In this post I will share what are the basic NLP tasks and how to deal with different tasks by using the powerful NLTK library in Python.
Basic NLP includes any computation, manipulation of natural language in order to get insights about the words' meaning and how sentences are contructed is natural language processing.
NLP tasks may include:
Natural Language Toolkit (NLTK). It is an opensouce library in Python and it provides support for most NLP tasks. It also provides access to numerous text corpora. In this post I will share some basic uses of NLTK.
import nltk
# if any module is not available we can use nltk.download() to intall it.
# nltk.download()
# we can also use the following command to directly download a specific module
nltk.download("book")
from nltk.book import *
[nltk_data] Downloading collection 'book'
[nltk_data] |
...
[nltk_data] Done downloading collection book
text1
<Text: Moby Dick by Herman Melville 1851>
# if we want to look at one sentence from each of the nine texts
sents()
sent1: Call me Ishmael .
sent2: The family of Dashwood had long been settled in Sussex .
sent3: In the beginning God created the heaven and the earth .
sent4: Fellow - Citizens of the Senate and of the House of Representatives :
sent5: I have a problem with people PMing me to lol JOIN
sent6: SCENE 1 : [ wind ] [ clop clop clop ] KING ARTHUR : Whoa there !
sent7: Pierre Vinken , 61 years old , will join the board as a nonexecutive director Nov. 29 .
sent8: 25 SEXY MALE , seeks attrac older single lady , for discreet encounters .
sent9: THE suburb of Saffron Park lay on the sunset side of London , as red and ragged as a cloud of sunset .
sent1
['Call', 'me', 'Ishmael', '.']
# count the words of sentence 1
len(sent1)
4
# if we want to count the words of the entire text 1
len(text1)
260819
# set(text1)
# find first 10 unique words of text 1
list(set(text1))[:10]
# the u code stands for the UTF8 encoding. Each token represents the UTF8 code string
['vinegar', 'narrated', 'uninterpenetratingly', 'August', 'affirmative', 'subordinates', 'overbalance', 'Snarles', 'fulfiller', 'select']
dist = FreqDist(text1)
# set of unique words in Wall Street Journal. Same as using len(set(text7))
len(dist)
19317
print(dist)
<FreqDist with 19317 samples and 260819 outcomes>
# dist stores the individual frequencies of each word
dist.most_common(10)
[(',', 18713), ('the', 13721), ('.', 6862), ('of', 6536), ('and', 6024), ('a', 4569), ('to', 4542), (';', 4072), ('in', 3916), ('that', 2982)]
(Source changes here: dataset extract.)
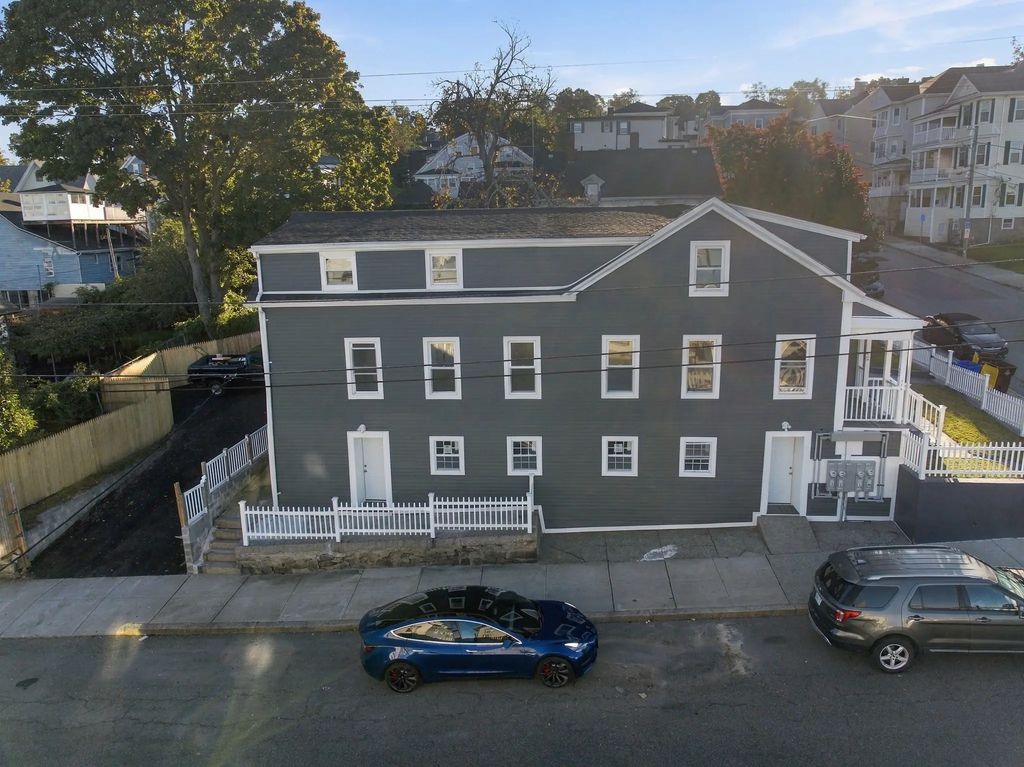 66-70 Cedar St, Fall River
# this gives the actual words
vocab1 = dist.keys()
# find how many times a particular word occurs
dist[u'four']
74
dist[u'68']
1
# find a word that is at leat of length 5 and occurs at least 100 times
freqwords = [w for w in vocab1 if len(w) > 5 and dist[w] > 100]
freqwords
['called', 'through', 'almost', 'whales', 'thought', 'before', 'against', 'towards', 'things', 'nothing', 'without', 'should', 'little', 'seemed', 'though', 'captain', 'himself', 'moment', 'CHAPTER', 'something', 'Captain', 'between', 'whaling', 'another', 'Queequeg', 'Pequod', 'Starbuck']
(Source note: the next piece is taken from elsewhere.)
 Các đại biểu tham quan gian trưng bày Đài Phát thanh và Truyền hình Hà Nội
Normalization is to transform a word to make it appear the same way or the count even though they look very different.
# Different forms of the same "word"
input1 = "List liasted Lists listing listings"
input1.rstrip()
'List liasted Lists listing listings'
words1 = input1.lower().split(' ')
words1
['list', 'liasted', 'lists', 'listing', 'listings']
porter = nltk.PorterStemmer()
[porter.stem(t) for t in words1]
['list', 'liast', 'list', 'list', 'list']
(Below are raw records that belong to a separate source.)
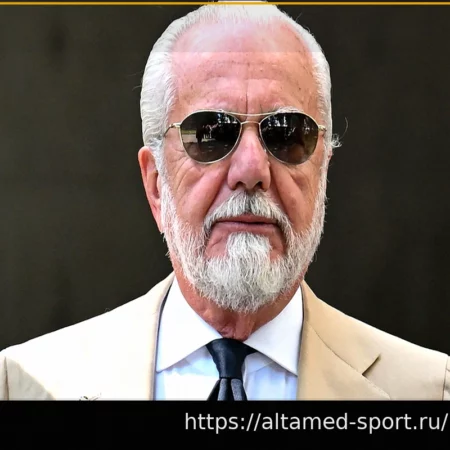 Де Лаурентис после победы «Наполи» над «Миланом»: «Конте великолепен с заменами, рад за Политано»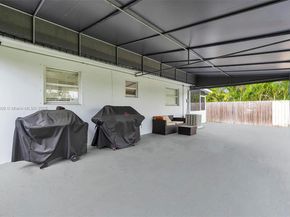 6470 SW 27th St, Miami FL 33155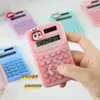 Calculadora Fofa Desenho Animado Aparência Premium Estudante Escritório Portátil Mini Pequeno Computador Papelaria de Aprendizagem Atacado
Lemmatization is similar to normalization. However, it transforms words to be abbrevations that are actually meaningful.
# NLTK has a corpus of the universal declaration of human rights as one of its corpus.
udhr = nltk.corpus.udhr.words('English-Latin1')
udhr[:20]
['Universal', 'Declaration', 'of', 'Human', 'Rights', 'Preamble', 'Whereas', 'recognition', 'of', 'the', 'inherent', 'dignity', 'and', 'of', 'the', 'equal', 'and', 'inalienable', 'rights', 'of']
[porter.stem(t) for t in udhr[:20]]
['univers', 'declar', 'of', 'human', 'right', 'preambl', 'wherea', 'recognit', 'of', 'the', 'inher', 'digniti', 'and', 'of', 'the', 'equal', 'and', 'inalien', 'right', 'of']
We can see from the results above that 'univers', 'declar' are not real words. Therefore, we want to use lemmatization, that is, stemming but resulting stems are all valid words.
WNlemma = nltk.WordNetLemmatizer()
[WNlemma.lemmatize(t) for t in udhr[:20]]
['Universal', 'Declaration', 'of', 'Human', 'Rights', 'Preamble', 'Whereas', 'recognition', 'of', 'the', 'inherent', 'dignity', 'and', 'of', 'the', 'equal', 'and', 'inalienable', 'right', 'of']
At first glance you may feel nothing has changes, but actually it does. For example rights is lemmatized to be right.
Recall splitting a sentence into words/tokens by basic function.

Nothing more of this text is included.